Bu arada oğlu Dursun dünyaya geldi. İlk bebeği Elif’i 6 günlükken, Ankara’daki o yoğun siyasal baskılar döneminde kaybetmişti. Ancak siyasal baskılar başlarından eksik olmadı. Barış davası tahliyesinden 4 ay sonra bu kez gizli komünist partiye üye olmaktan tutuklandı. İki ayını Harbiye’deki özel hücrelerde geçirmek üzere 5 ay yattı.
Cezaevinde arkadaşlarına (örneğin Kuantum Kuramı üzerine) seminerler verdi.
Behice Boran 1954-60 yılları arasını sakin geçirdi. Eşiyle birlikte tercüme yaparak geçindiler.
Bu arada, Kemal H. Karpat’ın “Türk Demokrasi Tarihi” ve H. Fast’in “Hürriyet Yolu” romanını çevirdi.
1960’lar dünyada olduğu gibi Türkiye’de de sol rüzgârların estiği yıllardı.
Behice Boran bunun dışında duramazdı.
1962’de, 15 yıldır yakından tanıdığı Mehmet Ali Aybar’ın genel başkanlığını yaptığı Türkiye İşçi Partisi’ne (TİP) katıldı.
Aslında kişiliği akademisyen kuramcı olmaya yetkindi. TİP’e de Marksist bir bilim insanı olarak katkıda bulunmak istiyordu. Gelişmeler onu siyasetçi yaptı.
1965 seçimlerinde Şanlıurfa TİP milletvekili olarak Meclis’e girdi.
Siyasi bir linçle kovulduğu Ankara’ya, milletvekili olarak döndü.
Partisinin dış politika sözcüsü oldu. Avrupa Parlamentosu’nda Türkiye’yi temsil etti.
Seçim sistemi değiştirildiği için 1969 seçimlerinde milletvekili seçilemedi.
Bu sonuç ve dünyadaki siyasi gelişmeler TİP içindeki ideolojik ayrılıkları körükledi. Boran ve Aybar gibi sarsılmaz dostlar bile karşı karşıya geldi.
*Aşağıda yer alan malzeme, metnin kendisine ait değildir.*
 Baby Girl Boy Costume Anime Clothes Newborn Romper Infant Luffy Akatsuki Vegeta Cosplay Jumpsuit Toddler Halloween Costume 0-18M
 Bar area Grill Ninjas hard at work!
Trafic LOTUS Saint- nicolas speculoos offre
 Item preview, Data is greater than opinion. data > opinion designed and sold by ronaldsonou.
Aybar partiden koptu. 1970’te Behice Boran TİP Genel Başkanı oldu.
Ve hemen bir yıl sonra...
12 Mart 1971 darbesinin ‘Balyoz Operasyonu’yla tutuklandı. Mamak Cezaevi’ne konuldu. Kadınlar Koğuşu’nun en yaşlı mahkûmuydu. Devrimci genç kızlar, dışarıda “revizyonist, oportünist” dedikleri Behice Boran’ın, dik duruşuna hayran kaldılar. Kısa süre sonra kimi kahvesini yaptı, kimi bembeyaz saçlarını taradı, çamaşırlarını yıkadılar. O da onlara öğretmenlik yaptı.
Bu arada Almancasını ilerletmeye çalıştı. Joseph Kessel’ın “Atlılar” romanını çevirdi. Kitaba çevirmen adı olarak ölen kızının ismini koydu: Elif Alova.
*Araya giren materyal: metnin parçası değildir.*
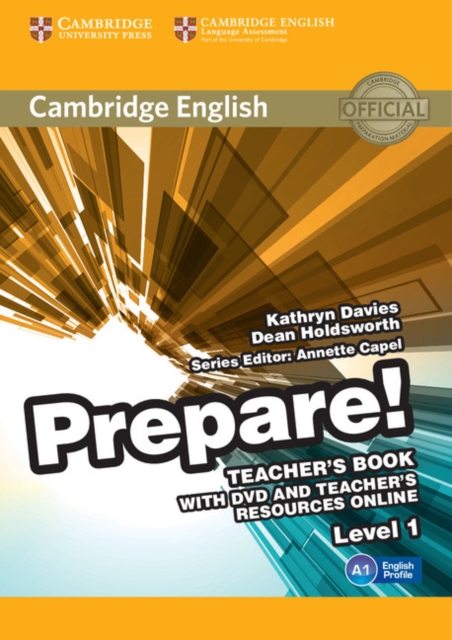Cambridge English Prepare! Level 1 Teacher's Book with DVD and Teacher's Resources Online, Mixed media product Book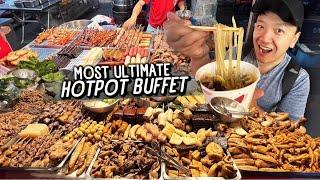 $1 Breakfast Noodles! The MOST ULTIMATE Hotpot Buffet & NIGHT MARKET Tour in Taiwan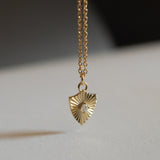 Shield Necklace - 14K Yellow Gold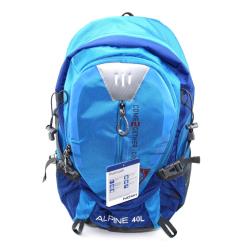 Nowi Trekkingrucksack Outdoor Rucksack mit Regenhaube 40 L Volumen blau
1974 affına kadar hapis yattı. Çıktığında 64 yaşındaydı.
Eşi Nevzat Hatko felç geçirmişti. Bir çocuk gibi eşine baktı, altını temizledi.
Hayatı çileli ve acılı geçiyordu. Ama yılmıyordu. Yorgunluk nedir bilmiyordu.
30 Nisan 1975’te TİP’i yeniden kurdu. “Hedefimiz sosyalizmdir. Onu hedef alarak dümen tutuyoruz, bir rota izliyoruz. Bu rotada önümüze kayalıklar çıkar, ters rüzgârlar ve akıntılar olur, ama kayalıkları aşarak ve ters yöndeki rüzgâları, akıntıları göğüsleyerek aynı rotada sosyalizme ilerleyeceğiz” diyordu.
1970’lerde Türkiye’deki sol seçmenlerin oyu yüzde 50’lere yaklaşıyordu. TİP “Sosyalizmin bayrağını Meclis’e dikeceğiz” sloganıyla katıldığı 1977 seçimlerinde umduğunu bulamadı. Yaklaşık 250 bin oy alabildi.
Türkiye hızla kan gölüne çevrilerek 12 Eylül 1980 darbesine doğru sürükleniyordu. TİP ise bu süreci iç tartışmalarla geçirdi.
Darbeden iki gün sonra kalp krizi geçirdi. Asker refakatinde bir ay hastanede yattı. Salıverilince parti kadroları yurtdışına çıkmasını istedi. Karşı çıktı. “Ben mahkemede iyi savunma yaparım” dedi. Dinletemedi. Eski milletvekili olduğu için kırmızı pasaportuyla uçağa binip yurtdışına gitti.
1981’de vatandaşlıktan çıkarıldı. Avrupa’da 7 yıl sürgün olarak yaşadı. Mülteci maaşıyla geçinmeye çalıştı. Ölümünden bir yıl önce Uğur Mumcu’ya şöyle diyecekti: “Her şeyi düşünmüştüm bu işlere girerken, hapis yatmayı, baskıları şunu bunu. Ama yetmiş altı yaşında, bir yabancı ülkede sürgün yaşamak hiç aklıma gelmemişti.”
Behice Boran, 10 Ekim 1987’e Brüksel’de öldü. Vasiyeti gereği cenazesi Türkiye’ye getirildi. TBMM’de tören yapıldı. Zincirlikuyu’da toprağa verildi.
Sanmayınız ki Behice Boran’ın uzun yürüyüşü sona erdi. Taksim’de dün, hayatını halkına adayan yüz binlerce yiğit Behice Boran vardı, görmediniz mi?